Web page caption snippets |

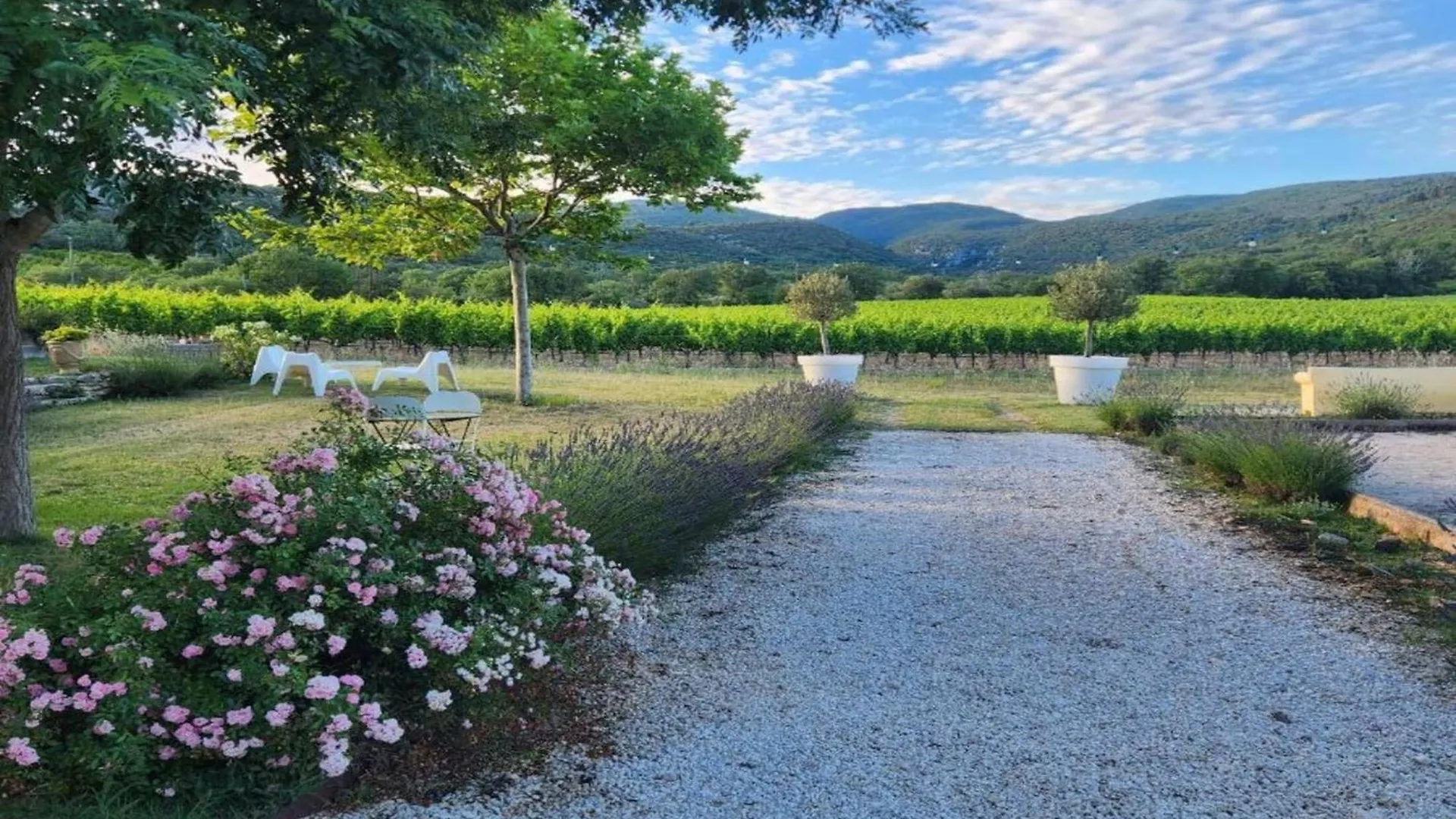 Provencal Villa On The Luberon Surroundings Holiday home Saint-Saturnin-les-Apt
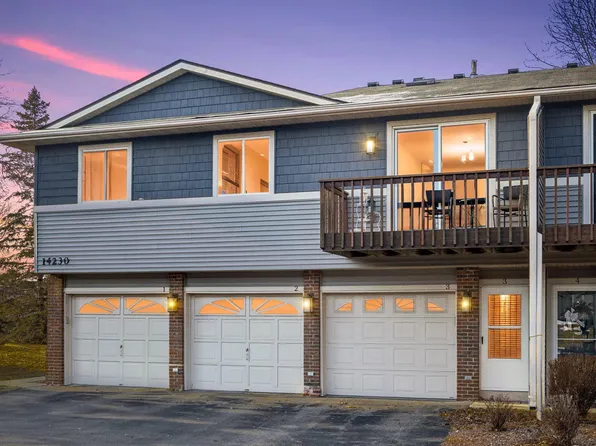 14230 44th Pl N APT 3, Plymouth, MN 55446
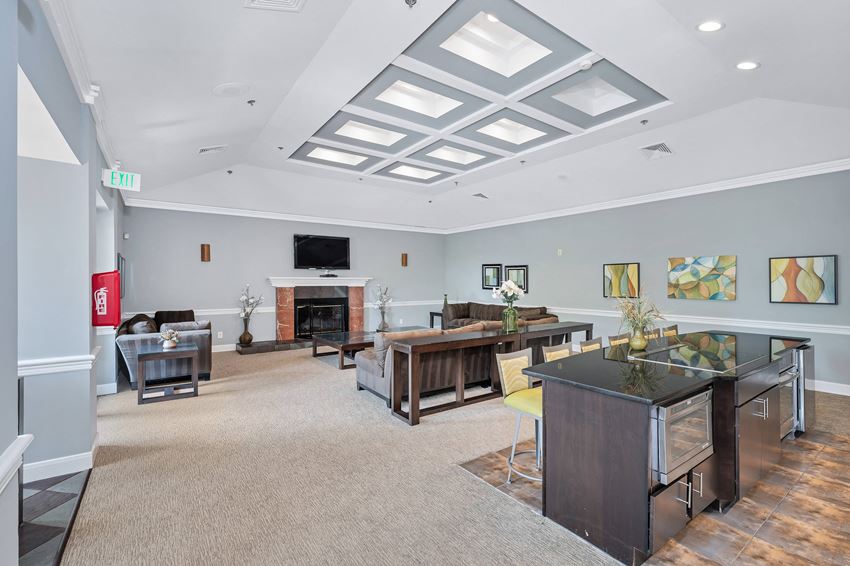 Spacious Clubroom the preserve at ballantyne commons community room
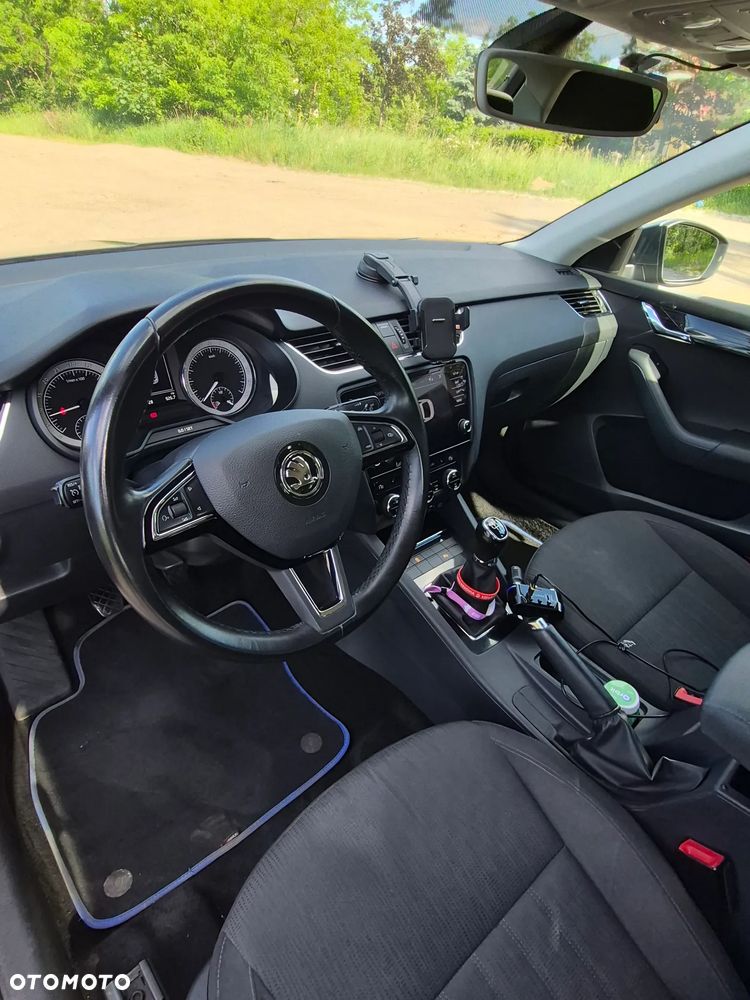 Skoda Octavia 2.0 TDI Style - 11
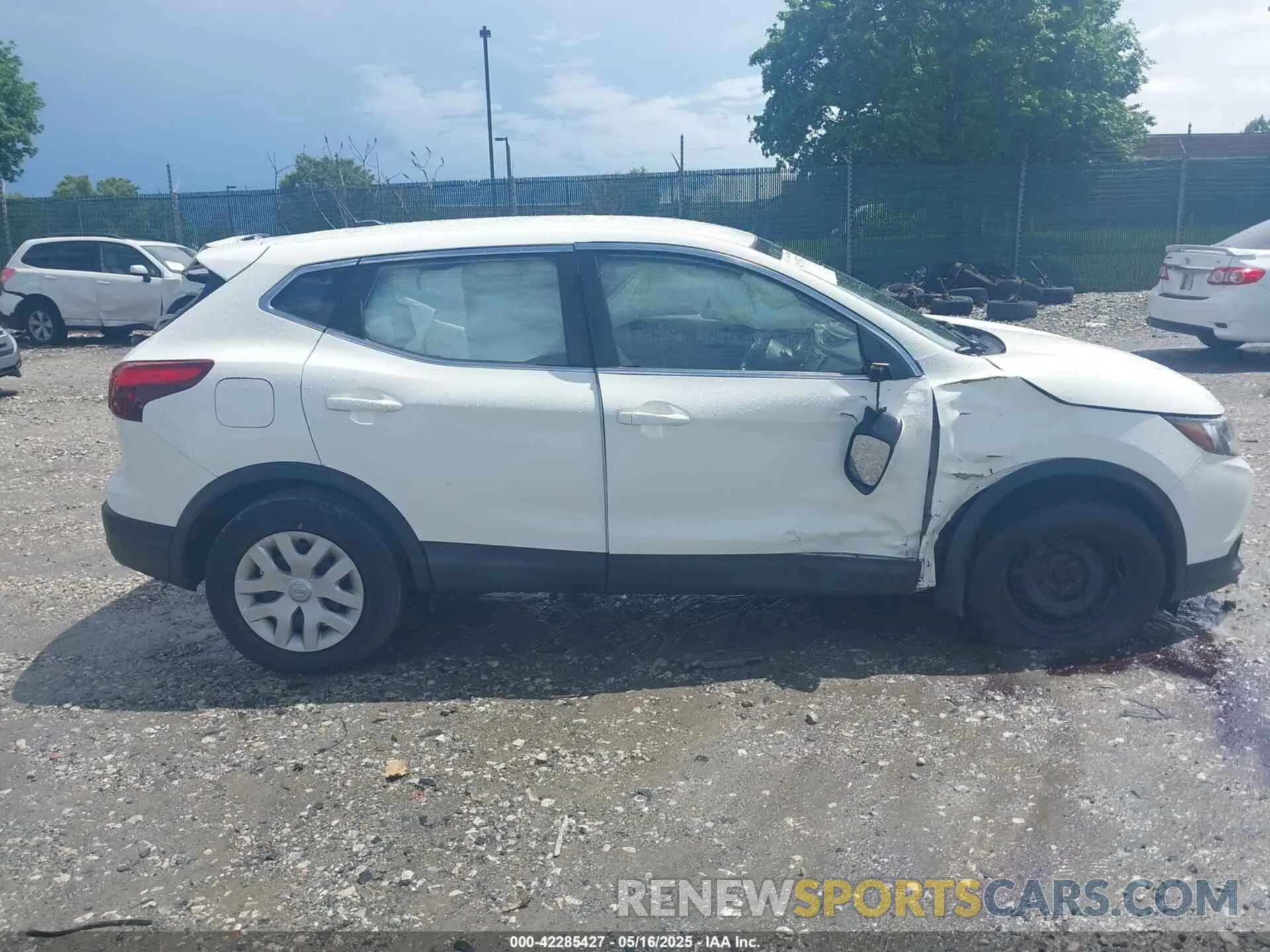 13 fotografías del automóvil dañado JN1BJ1CR1KW316175 NISSAN ROGUE SPORT 2019
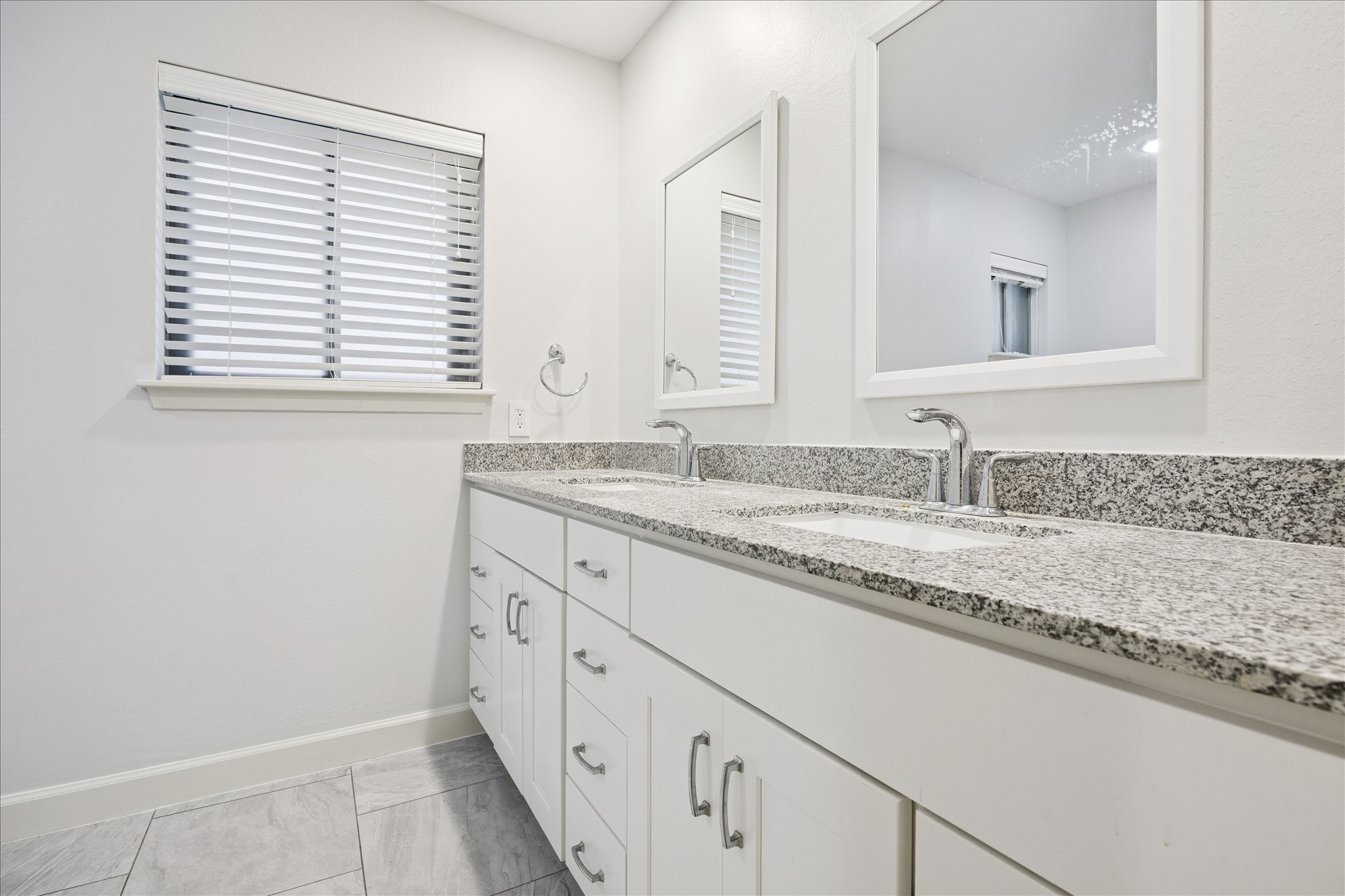 6115 Paisley Street Houston, TX 77096 - Photo 19 of 22 Primary bathroom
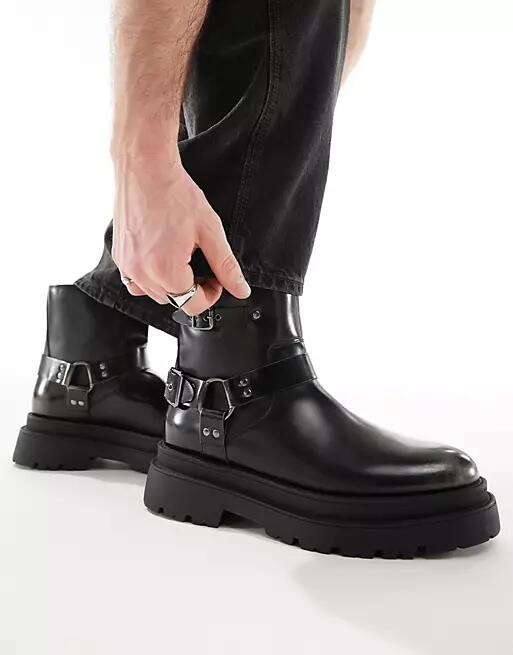 ASOS DESIGN biker boots in black Cover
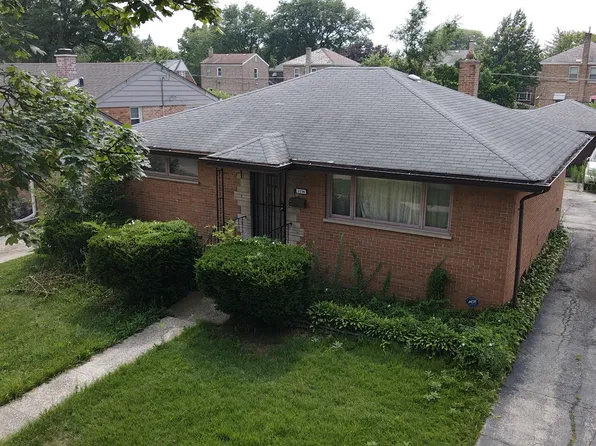 2234 S 18th Ave, Broadview, IL 60155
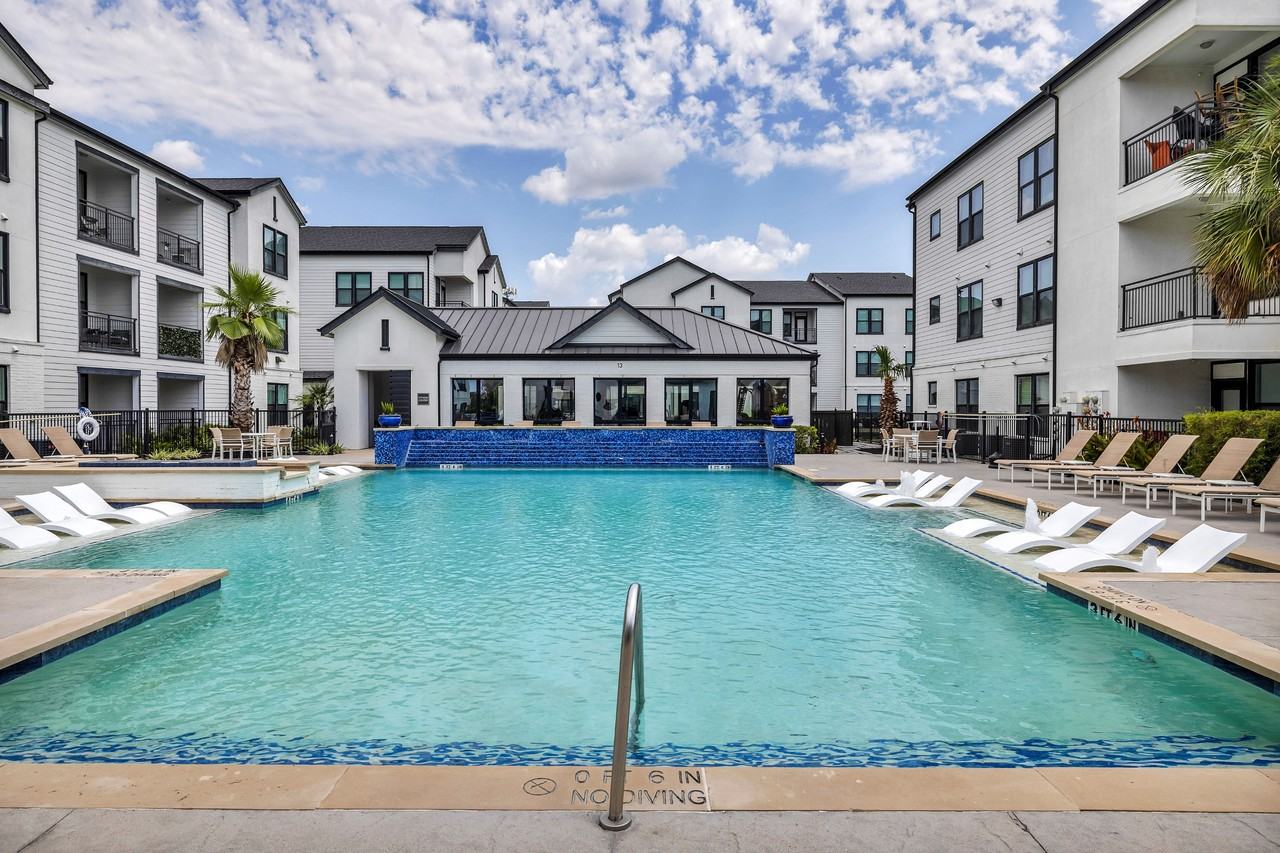 The Peri on Westheimer - Photo 2 of 49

Task details | Leaving out all pictures, print exactly the lines above from the one containing "Spacious Clubroom the" through the last line of the entries.

Finished task |
 Spacious Clubroom the preserve at ballantyne commons community room
 Skoda Octavia 2.0 TDI Style - 11
 13 fotografías del automóvil dañado JN1BJ1CR1KW316175 NISSAN ROGUE SPORT 2019
 6115 Paisley Street Houston, TX 77096 - Photo 19 of 22 Primary bathroom
 ASOS DESIGN biker boots in black Cover
 2234 S 18th Ave, Broadview, IL 60155
 The Peri on Westheimer - Photo 2 of 49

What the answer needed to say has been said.